Vu la procédure suivante :
La commune de Neuilly-sur-Seine a demandé au juge des référés du tribunal administratif de Cergy-Pontoise d’ordonner la suspension, sur le fondement de l’article L. 521-1 du code de justice administrative, de l’exécution de l’arrêté du 8 décembre 2017 par lequel le préfet des Hauts-de-Seine a, d’une part, constaté sa carence dans le respect de son objectif de réalisation de logements sociaux sur la période triennale 2014-2016 et, d’autre part, fixé à 2,7 le taux de majoration du prélèvement au titre des logements manquants. Par une ordonnance n° 1801277 du 14 février 2018, le juge des référés a rejeté cette demande.
Par un pourvoi sommaire, un mémoire complémentaire et un mémoire en réplique, enregistrés au secrétariat du contentieux du Conseil d’Etat les 1er et 16 mars et 17 septembre 2018, la commune de Neuilly-sur-Seine demande au Conseil d’Etat :
1°) d’annuler cette ordonnance ;
2°) réglant l’affaire au titre de l’article L. 521-1 du code de justice administrative, de faire droit à sa demande de suspension ;
3°) de mettre à la charge de l’Etat une somme de 5 000 euros au titre de l’article L. 761-1 du code de justice administrative.
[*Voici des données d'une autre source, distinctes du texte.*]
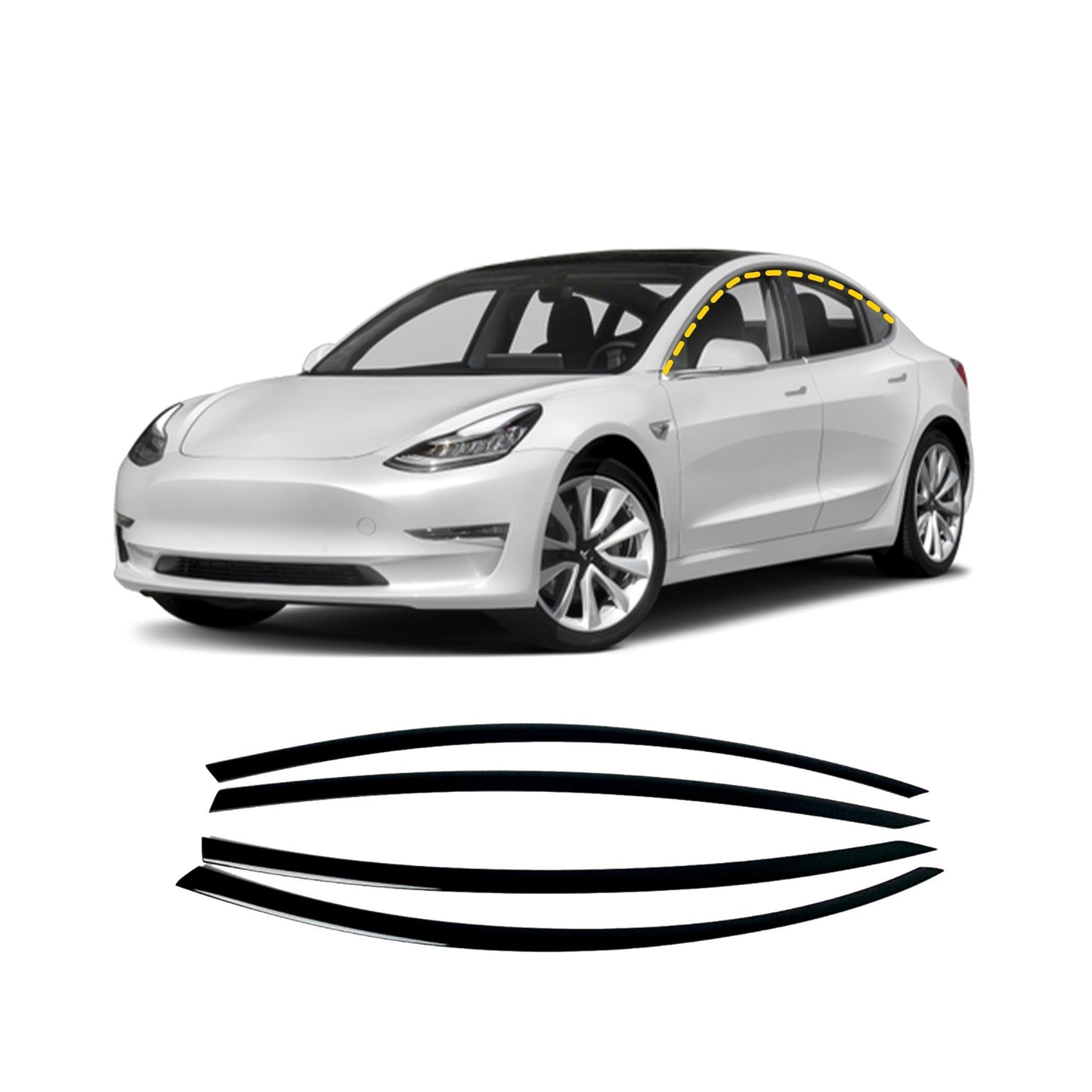 B0610 - Rain Guards for Tesla Model3 2017-2022 (4PCs) Black Tape-On Style - northernprimesupply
Vu les autres pièces du dossier ;
Vu :
– le code de la construction et de l’habitation ;
– le code de justice administrative ;
Après avoir entendu en séance publique :
– le rapport de M. Alain Seban, conseiller d’Etat,
– les conclusions de Mme Cécile Barrois de Sarigny, rapporteur public.
La parole ayant été donnée, avant et après les conclusions, à la SCP Garreau, Bauer-Violas, Feschotte-Desbois, avocat de la commune de Neuilly-sur-Seine.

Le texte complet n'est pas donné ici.